Still, I was intrigued by some of the colours in the book, so I persevered with thinking about a new colour scheme for my house. After making a decision and identifying some potential colour candidates, I was ready to order some paint chips and sample pots. At the end of November the Eve Ashcraft web site was still saying-"we're working feverishly to get sample cards and should have them by the end of November". Well, it's the end of December and I'm still waiting and the Eve Ashcraft web site hasn't been updated. I tracked down a retailer in my area who carried Fine Paints of Europe and called him to ask if they had the paint "beeswax". I drove an hour and a half to the store and the man had not heard of these colours from Fine Paints (they had a beeswax, but it was one of their older colours and not the Eve Eshcraft formulation). He kindly called Fine Paints and bizarrely, they kind of didn't want to help. They didn't have fan decks, aren't going to have paint chips, aren't going to provide customers with sample pots for order, and may or may not have the paint available for sale now. Fine Paints is a small company with less than 80 retailers in the US, so to launch a paint line and not provide a whiff of information to retailers three months after the book is out is a pretty good indication that they don't plan on making this product line available to the general public ever.
My best guess is that this book might be one of those deals that the authour printed to drum up more interest in her $275 an hour, minimum of ten hours consulting business. The paint formulations might become available to her high end clients when ordered through her, but they have no intention of ever making it available to the masses willing to pay $120 bucks a "euro" litre for it. I'm sure Eve Ashcraft's customers are able to see samples of the paint and ***gasp*** even get to have a sample of it on their walls before committing to it after they pay her a few thousand dollars in consulting fees of course. For a lady whose main advice in the book is to put colours up in rooms to see how they change before you paint and who advocates a philosophy "color only exists in light", you think letting customers have $10 sample pots would be important. Either this was a complete marketing failure, or a scam to begin with. Fine Paints of Europe is generally a good company, so why they'd take part of this, alienate future customers and allow themselves to become manipulated by a "paint doctor" is unfortunate.
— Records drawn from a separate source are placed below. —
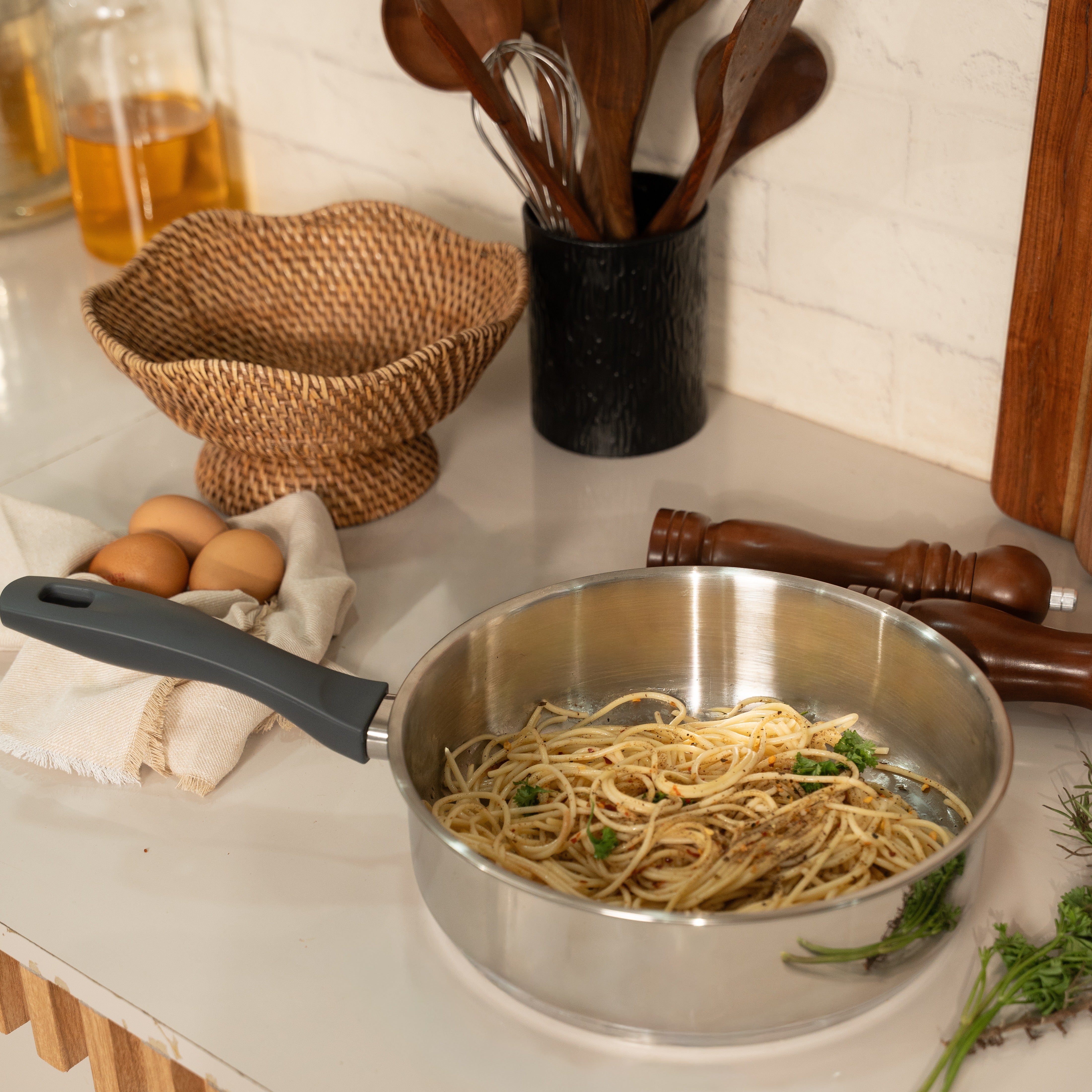 SUNCASA Impact Pro Stainless Steel Sautepan, 28cm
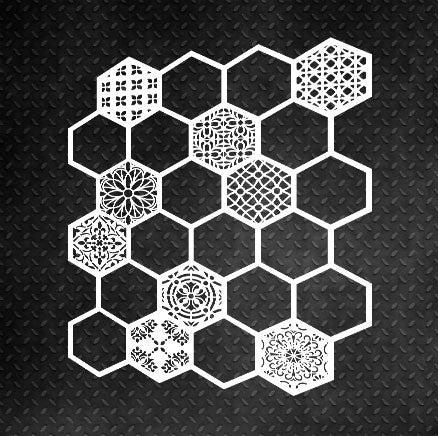 DFA Reusable stencil for decorative plaster Geometry Honeycombs large for plaster and paint 0.3-1mm (G00033)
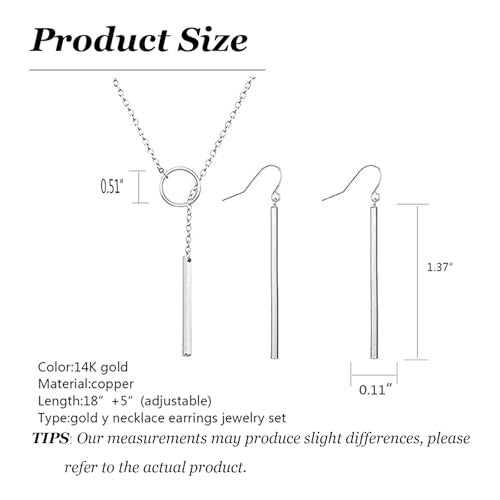 Dcfywl731 Minimal Dainty Gold Plated Dangle Earrings Layered Bar Pendant Neckalce Gold Long Y-Necklace Gold Earrings and Necklaces Set Delicate Lariat Chain Jewelry for Women - color: C3: sliver jewelry set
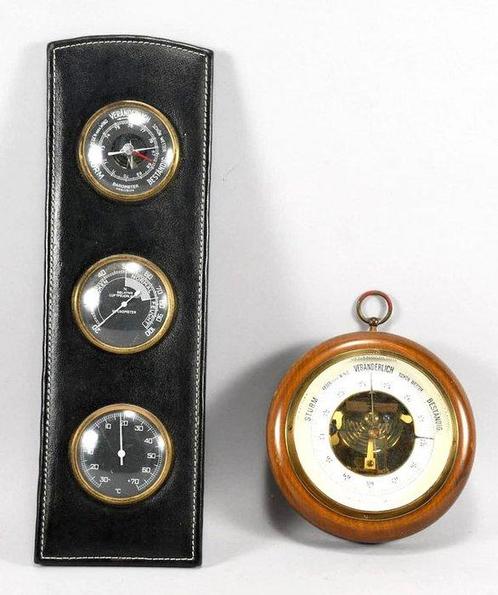 Barometer (2) - Hout, Messing - Weerstation Barometer, Antiek en Kunst, Curiosa en Brocante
I would have returned the book months ago if I had known I wasn't ever going to be able to get the paint. For better advice and service about paint and colour, try Farrow and Ball. You can order a fan deck on-line and it comes with colour photographs telling you what colour of paint was used. And get this---they let you order sample pots!!!! Give Eve Ashcraft's book and any ideas you had about learning about paint out of your head. Purchasing this is only helping to make what I'd consider a dishonest person wealthy. I'm going to order the Farrow and Ball books next and see if I can't complete my project with a company that has their act and morals together.